Segment Start: Given information

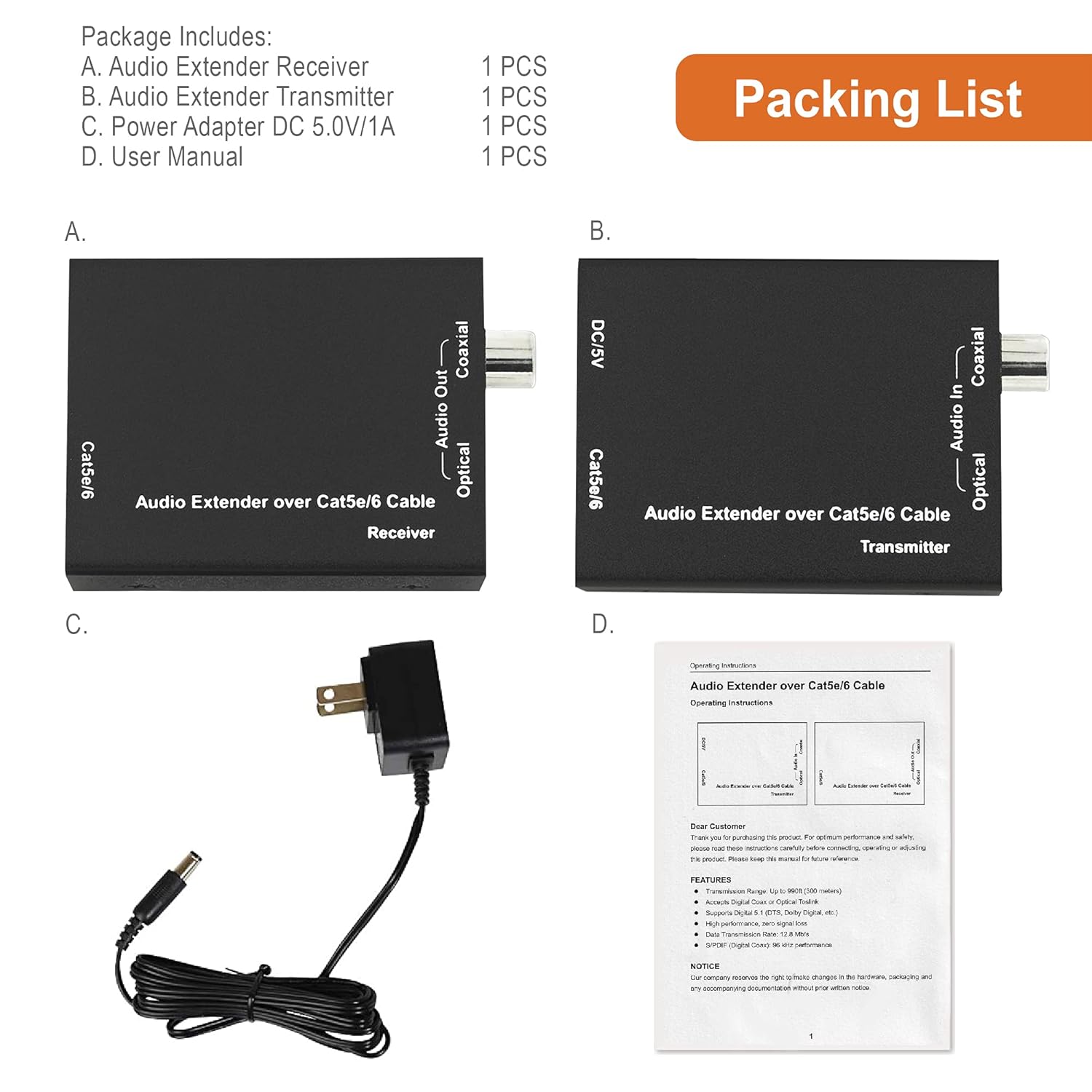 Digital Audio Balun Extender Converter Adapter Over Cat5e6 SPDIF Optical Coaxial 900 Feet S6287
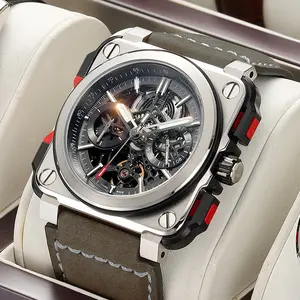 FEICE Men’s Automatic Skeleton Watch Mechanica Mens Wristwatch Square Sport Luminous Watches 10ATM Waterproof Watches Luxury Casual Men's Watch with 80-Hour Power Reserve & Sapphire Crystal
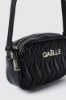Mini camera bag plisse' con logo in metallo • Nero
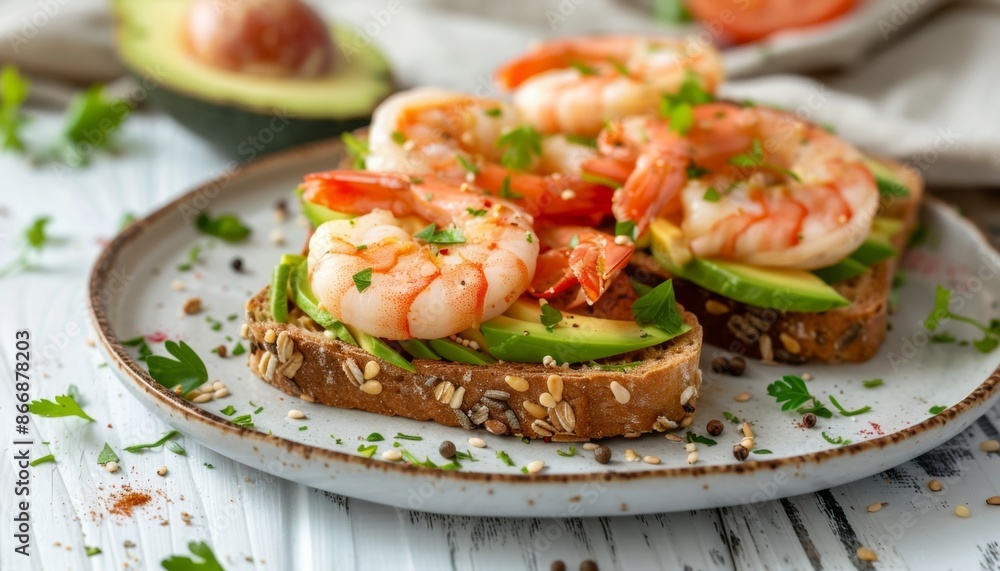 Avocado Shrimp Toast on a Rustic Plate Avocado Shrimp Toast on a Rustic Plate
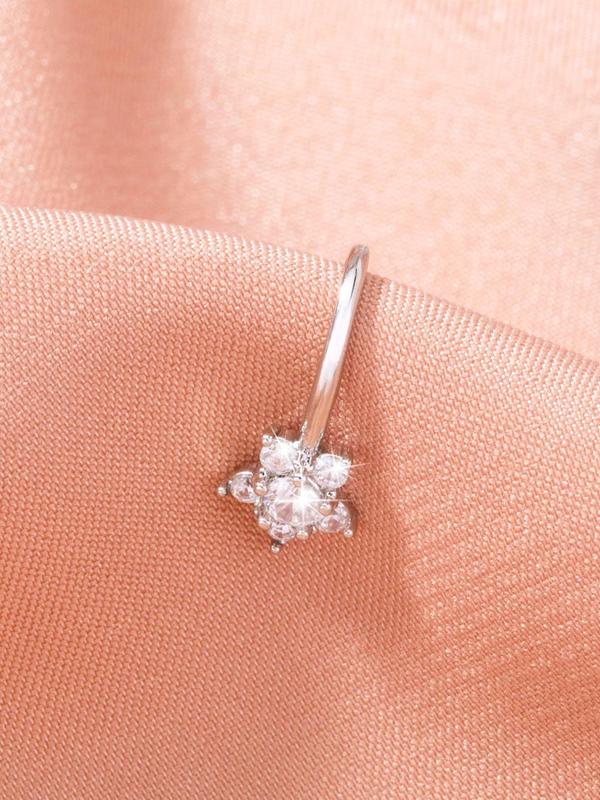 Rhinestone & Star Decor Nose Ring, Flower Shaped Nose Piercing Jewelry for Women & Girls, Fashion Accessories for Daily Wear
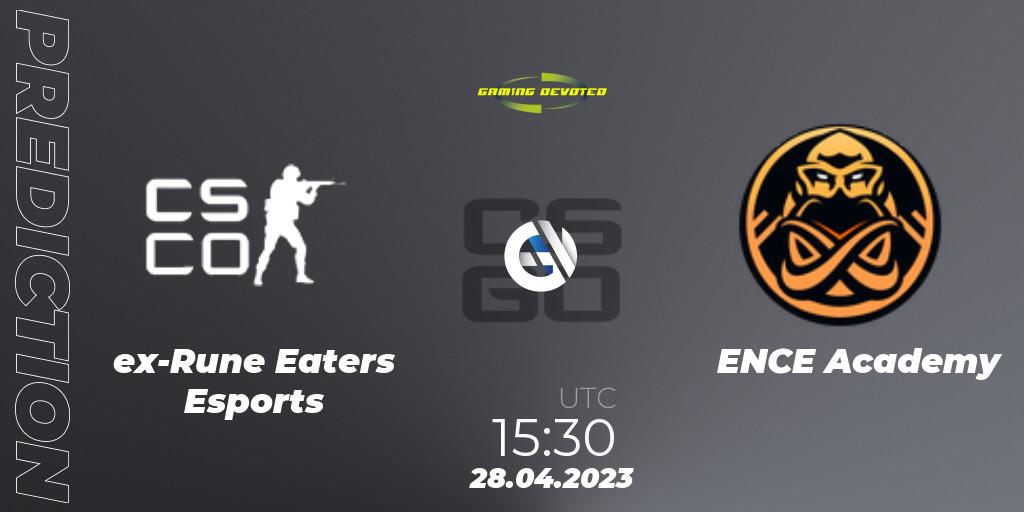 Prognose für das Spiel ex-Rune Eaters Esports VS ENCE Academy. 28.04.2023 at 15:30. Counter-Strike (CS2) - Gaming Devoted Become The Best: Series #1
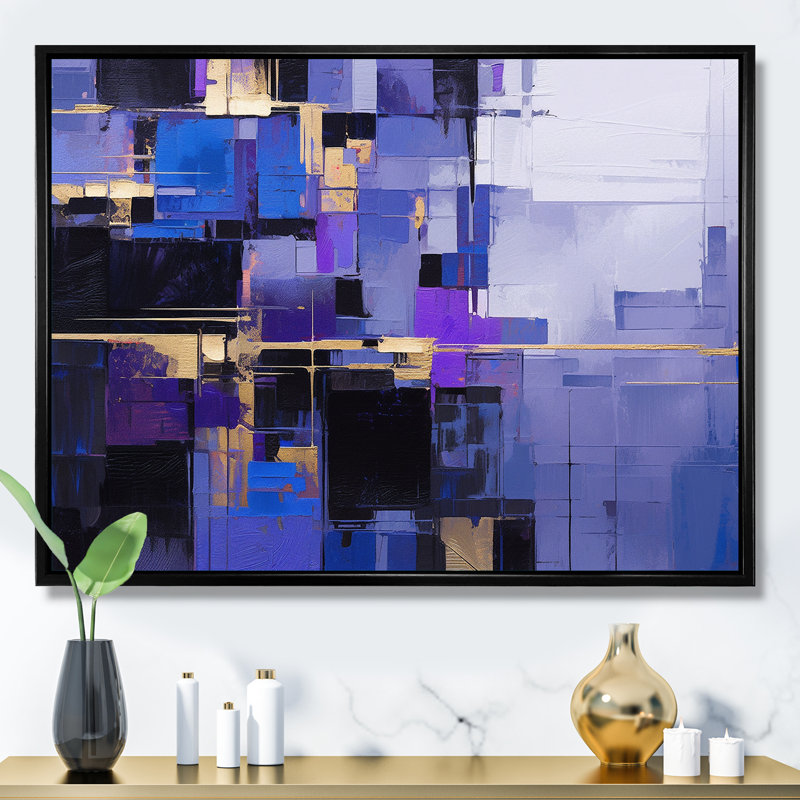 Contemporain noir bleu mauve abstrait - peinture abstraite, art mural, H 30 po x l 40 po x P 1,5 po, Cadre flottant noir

Segment End: Given information

> Problem
All of the lines above should be copied exactly, apart from the pictures.

> Expected output
 Digital Audio Balun Extender Converter Adapter Over Cat5e6 SPDIF Optical Coaxial 900 Feet S6287
 FEICE Men’s Automatic Skeleton Watch Mechanica Mens Wristwatch Square Sport Luminous Watches 10ATM Waterproof Watches Luxury Casual Men's Watch with 80-Hour Power Reserve & Sapphire Crystal
Mini camera bag plisse' con logo in metallo • Nero
 Avocado Shrimp Toast on a Rustic Plate Avocado Shrimp Toast on a Rustic Plate
 Rhinestone & Star Decor Nose Ring, Flower Shaped Nose Piercing Jewelry for Women & Girls, Fashion Accessories for Daily Wear
 Prognose für das Spiel ex-Rune Eaters Esports VS ENCE Academy. 28.04.2023 at 15:30. Counter-Strike (CS2) - Gaming Devoted Become The Best: Series #1
 Contemporain noir bleu mauve abstrait - peinture abstraite, art mural, H 30 po x l 40 po x P 1,5 po, Cadre flottant noir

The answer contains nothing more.